Living and Travel Conditions
Students will live in hotels and travel on buses. The program will take place in June which is warm (usually 30s Celsius, but field trips to Wadi Rum and Aqaba can top 40) and dry. The program will be facilitated by Sijal Institute for Arabic Language and Culture in Amman, and will include 18 hours of instruction in Jordanian colloquial Arabic.
Location
Students will begin and end in Amman, the capital of Jordan that has rapidly increased in population and built environment since Jordan became an independent state in 1946. Amman's urban landscape tells the story of the region's modern history, including large communities of Palestinian refugees expelled in 1948 and 1967 and Iraqi and Syrian refugee communities established under conditions of American occupation and civil war. Students will also explore vibrant secondary cities like Salt and Karak that were important Jordan's Ottoman past, and Petra, Wadi Rum and Aqaba, arid and coastal cities crucial to the British colonial and Hashemite national projects. We will focus our inquiries on landscape and politics between, as much as within, these cities.
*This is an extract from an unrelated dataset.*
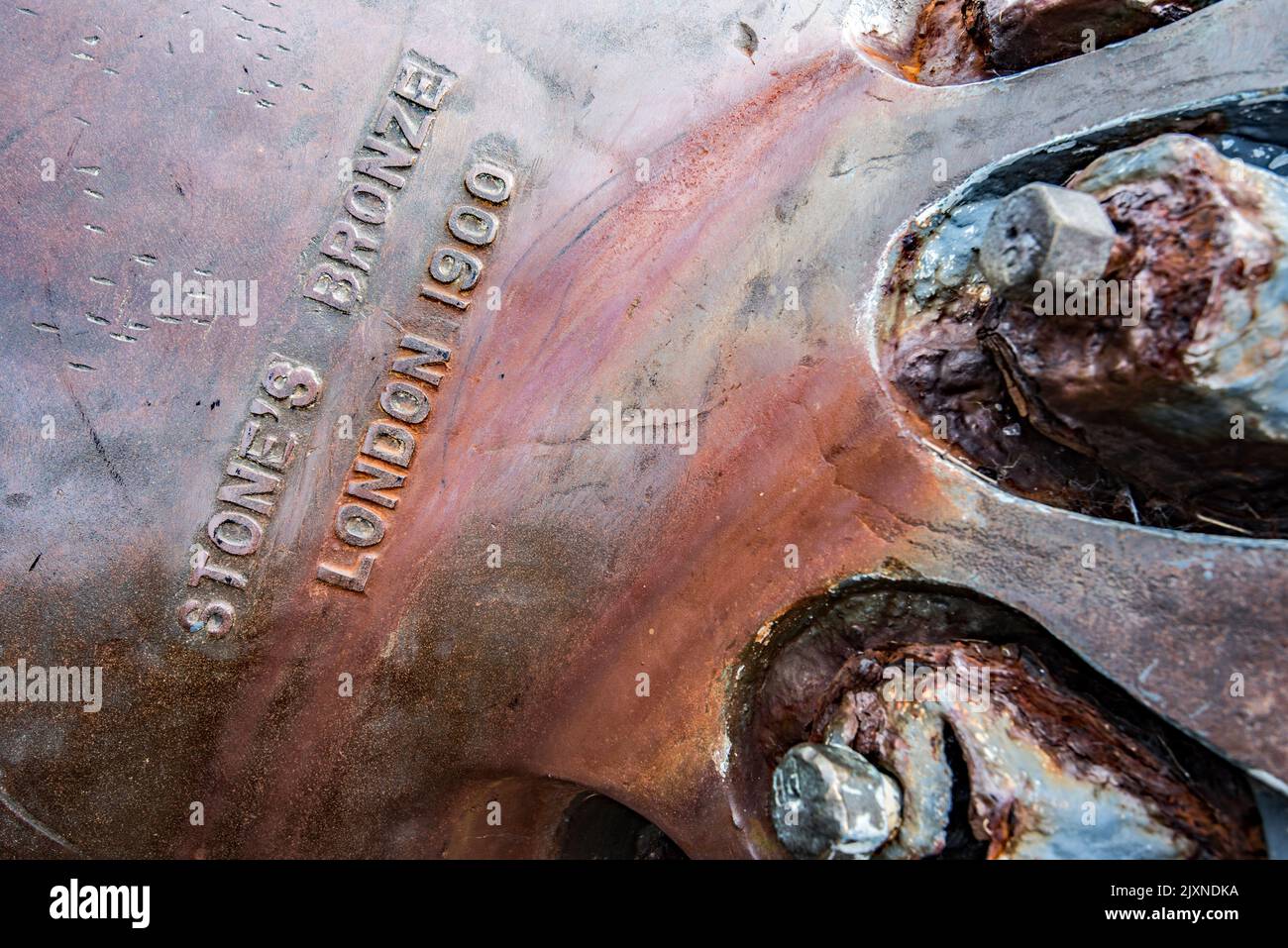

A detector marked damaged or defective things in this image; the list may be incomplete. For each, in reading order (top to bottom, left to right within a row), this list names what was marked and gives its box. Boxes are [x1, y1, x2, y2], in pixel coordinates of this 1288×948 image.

rusted metal bolt [975, 183, 1110, 301]
rusted metal bolt [769, 741, 900, 860]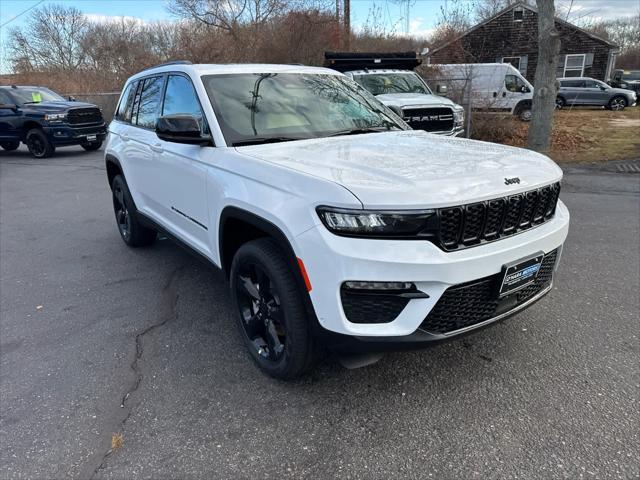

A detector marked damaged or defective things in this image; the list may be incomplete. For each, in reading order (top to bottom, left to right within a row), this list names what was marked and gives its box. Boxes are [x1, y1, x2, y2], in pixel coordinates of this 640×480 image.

crack in pavement [83, 264, 188, 478]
Prerequisites and Expectation
Preference will be given to students who have taken Stanford courses related to the Middle East, broadly defined both spatially and temporally, but this is not a requirement. Selected students will be required to attend two meetings with Professor Barakat in the spring quarter and join a Whatsapp group.
Faculty
Dr. Nora Barakat
Professor Barakat specializes in Modern Middle East History and has written a book and multiple scholarly articles focused on the history of landscape, law and human communities in Jordan especially during the late Ottoman period. She has been living in and visiting Jordan, especially Amman but also Karak and Madaba, for the past 25 years and has taught courses on Modern Middle East History in California and the Persian Gulf since 2010.